## Supplied material

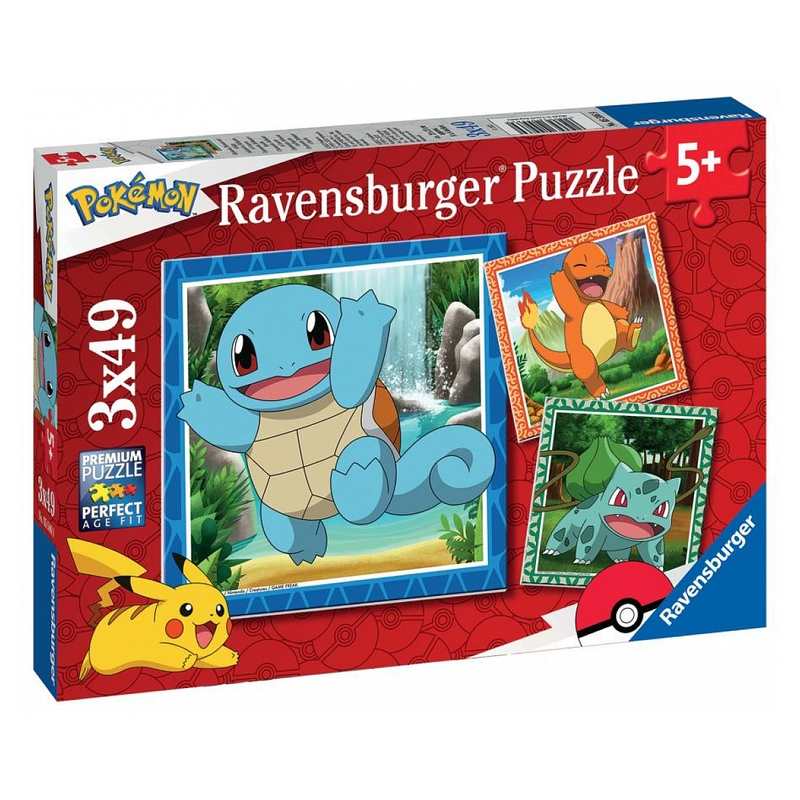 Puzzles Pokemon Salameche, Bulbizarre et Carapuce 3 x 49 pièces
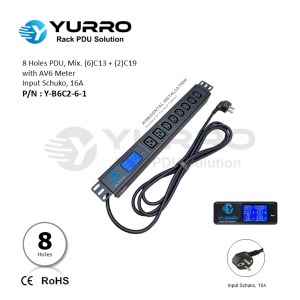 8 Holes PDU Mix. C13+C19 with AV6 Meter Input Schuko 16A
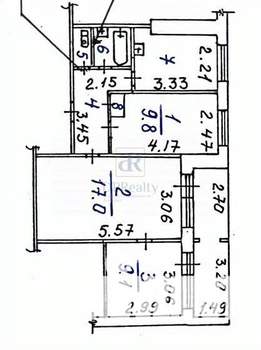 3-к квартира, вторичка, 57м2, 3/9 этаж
==
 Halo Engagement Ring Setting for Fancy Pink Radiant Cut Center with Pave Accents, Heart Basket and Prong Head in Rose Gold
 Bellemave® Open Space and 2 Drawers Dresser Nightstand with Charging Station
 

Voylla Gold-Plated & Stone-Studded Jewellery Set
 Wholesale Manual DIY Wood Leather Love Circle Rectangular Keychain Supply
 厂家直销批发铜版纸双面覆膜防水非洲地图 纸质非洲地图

## Action item
Whenever the string "Gold" shows up in a line of the entries, copy that line.

## Solution for this exercise
 Halo Engagement Ring Setting for Fancy Pink Radiant Cut Center with Pave Accents, Heart Basket and Prong Head in Rose Gold
Voylla Gold-Plated & Stone-Studded Jewellery Set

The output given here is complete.